1.A man has a hydraulic jack to lift his car. If the smaller piston has a diameter of .75 cm, and the larger piston a diameter of 6.0 cm, how much force will the man have to exert to lift one corner of the car, weighing 700 lb?

 

[Q_Goest]

How do you determine the force produced by pressure over an area?

 

[baba89]

To calculate the force needed to lift the car using the hydraulic jack, we can use the equation F1/A1 = F2/A2, where F1 is the force exerted on the smaller piston, A1 is the area of the smaller piston, F2 is the force exerted on the larger piston, and A2 is the area of the larger piston.

First, we need to convert the weight of the car from pounds to Newtons, as the unit of force used in the equation is Newtons. 1 pound is equivalent to 4.448 Newtons, so the weight of the car in Newtons is 700 lb x 4.448 N/lb = 3113.6 N.

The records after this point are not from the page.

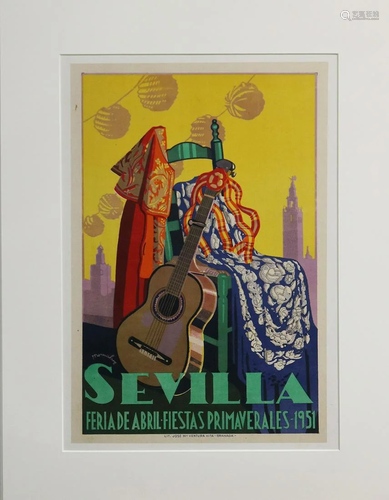 Vintage color lithograph travel posters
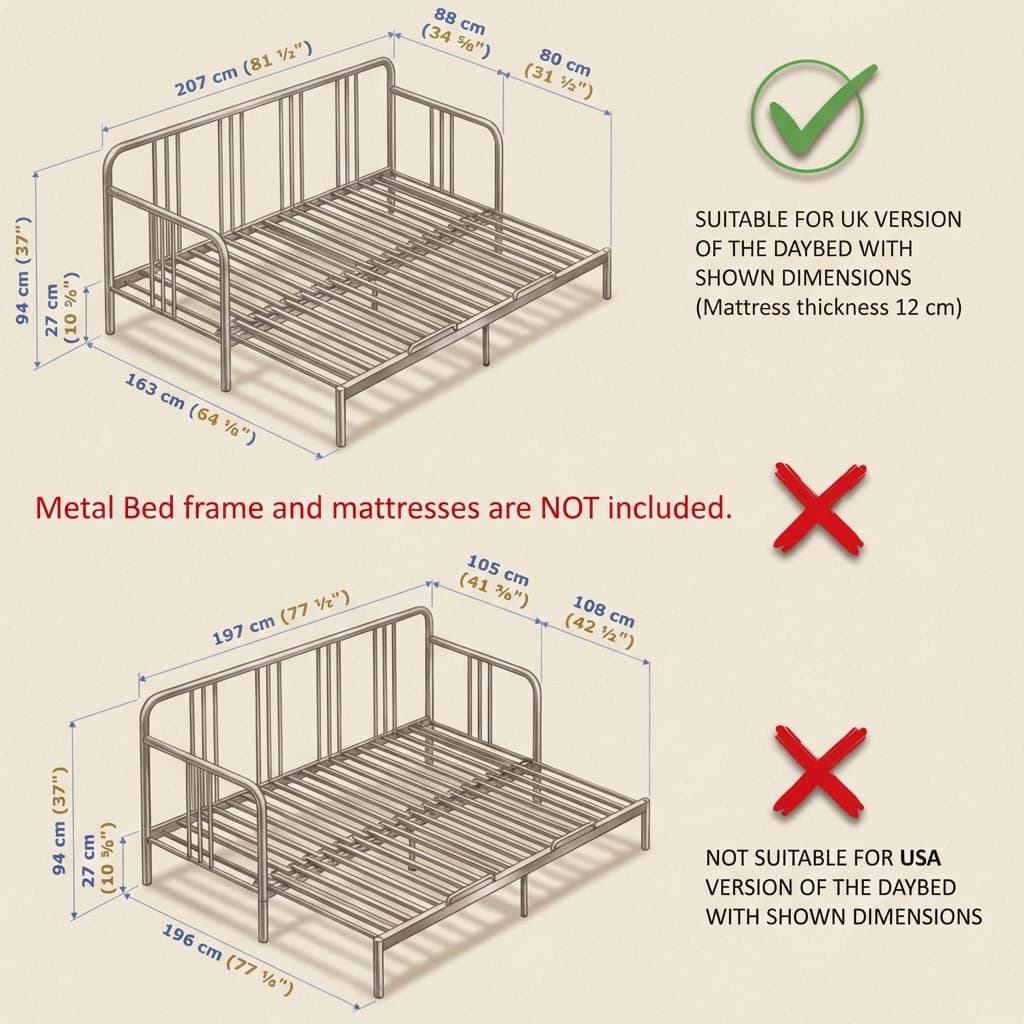 Copri daybed IKEA Hemnes Fyresdal Copridivano personalizzato per due materassi 80×200 cm Copridivano per il letto Neutro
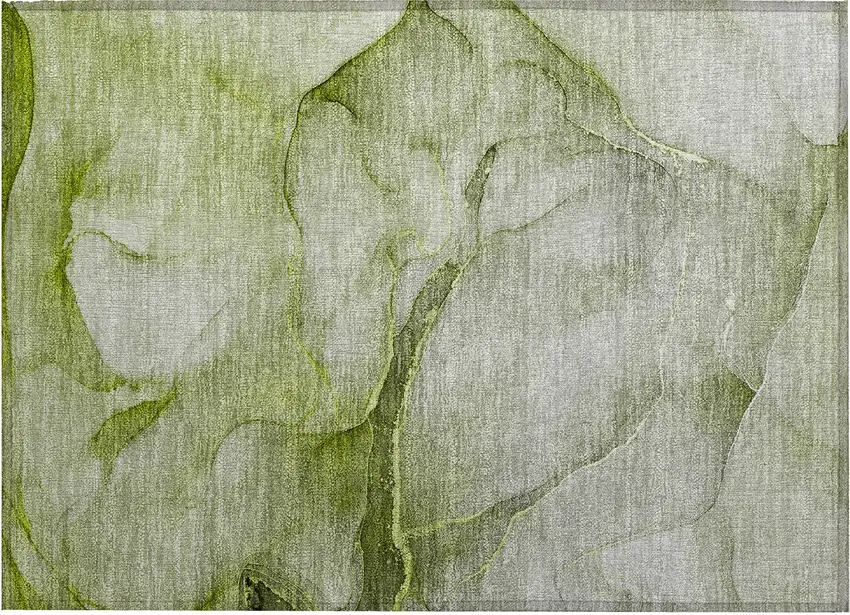 Olive Green Abstract Washable Non Skid Indoor Outdoor Area Rug Photo 2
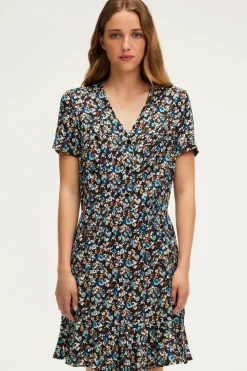 Pablo Robe courte cintrée à fleurs - SABRIA Noir Outlet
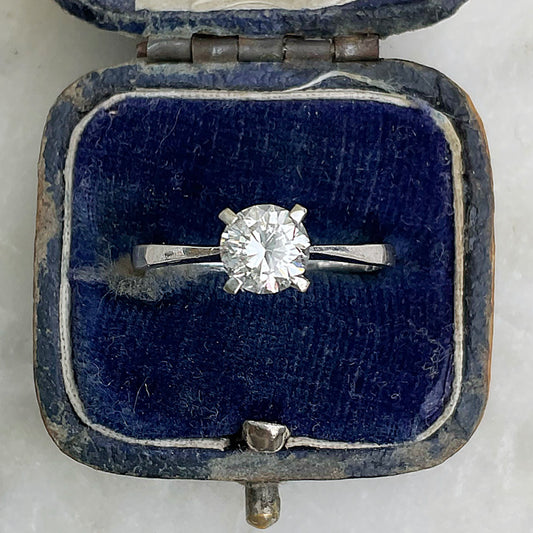 1973 Vintage 18ct White Gold Diamond Solitaire Ring
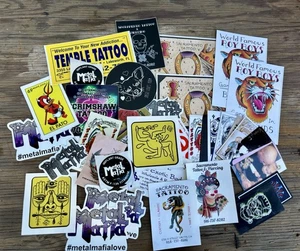 Huge Lot of Tattoo and Piercing Stickers Business Cards Postcards Body Art Cool - Picture 1 of 4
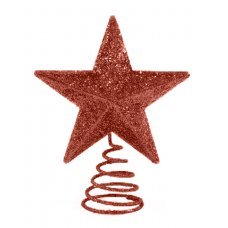 Χριστουγεννιάτικη Κορυφή Δέντρου Αστέρι Κόκκινο με Ελατήριο (12cm)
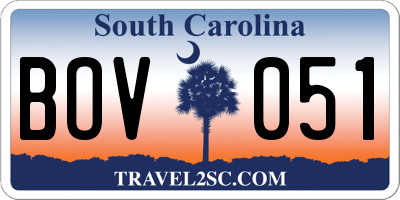 SC license plate BOV051
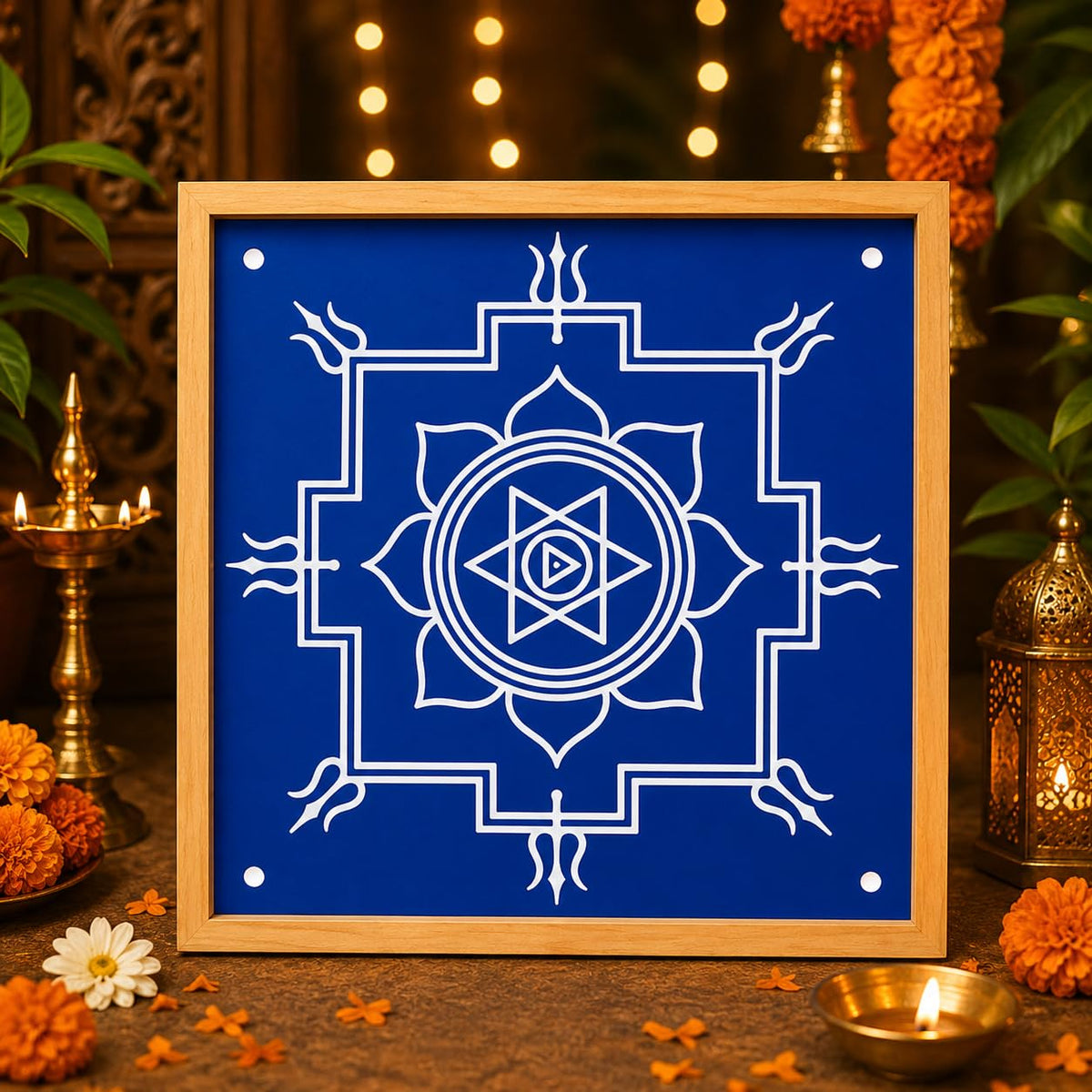Rangly Durga Namaskar Mandala Yantra, Wooden Stencil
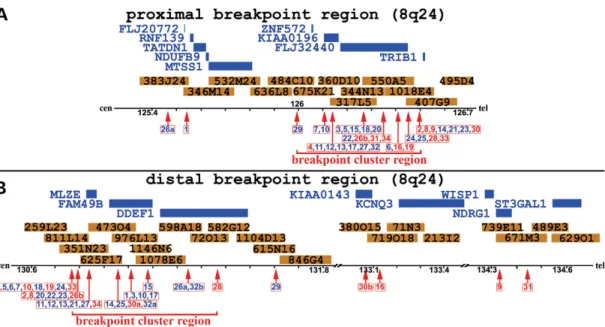Figure 1. Distribution of the PB (A) and DB (B) of the amplicons and location of the PB (A) and DB (B) cluster regions in the 34 AML/MDS cases with MYC-containing dmin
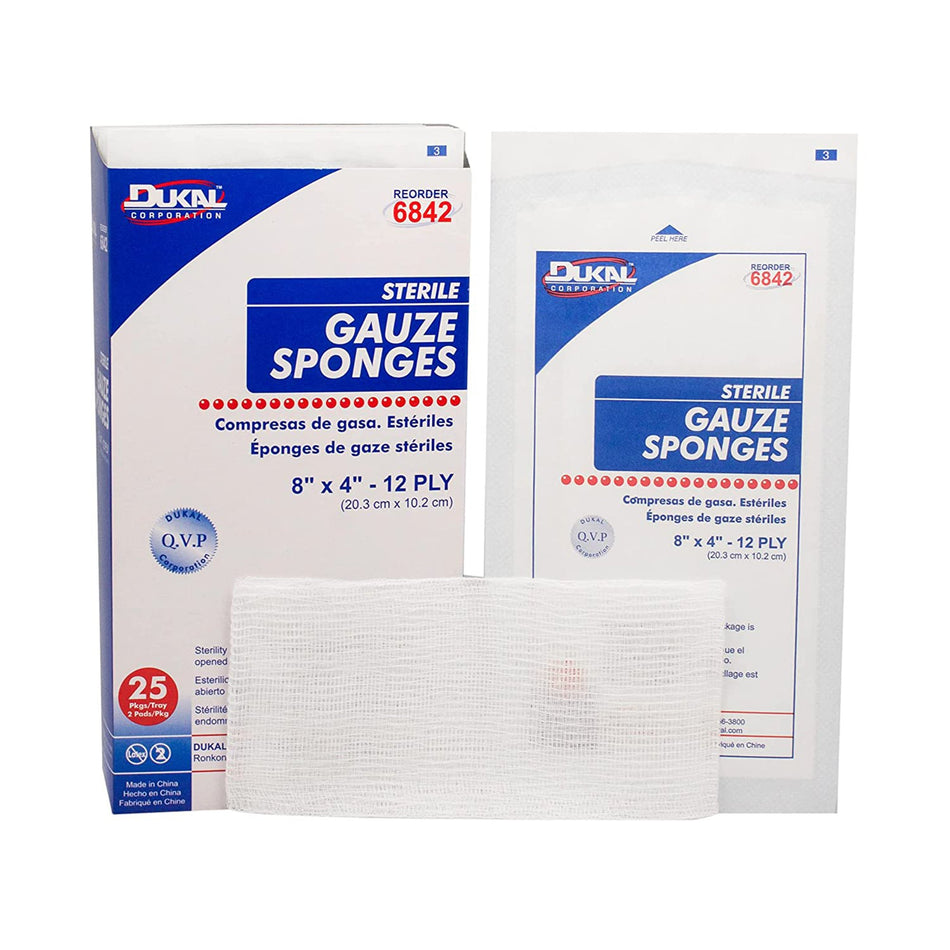 Dukal� Sterile Gauze Sponge, 4 x 8 Inch, 12-Ply-Gauze Sponge Dukal� 4 X 8 Inch 12-Ply Sterile 2 per Pack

Next, we can calculate the area of the smaller piston by using the formula A = πr^2, where r is the radius of the piston. The radius of the smaller piston is 0.75 cm/2 = 0.375 cm. Converting this to meters, we get 0.00375 m. Therefore, the area of the smaller piston is π(0.00375 m)^2 = 0.00004418 m^2.

Similarly, the area of the larger piston can be calculated as π(0.03 m)^2 = 0.0002827 m^2.

Now, we can plug these values into the equation F1/A1 = F2/A2 and solve for F1, which is the force that the man needs to exert on the smaller piston to lift the car. The equation becomes F1 = (F2 x A1)/A2. Plugging in the values, we get F1 = (3113.6 N x 0.00004418 m^2)/0.0002827 m^2 = 485.5 N.

Therefore, the man will need to exert a force of 485.5 Newtons on the smaller piston to lift the car weighing 700 lb using the hydraulic jack.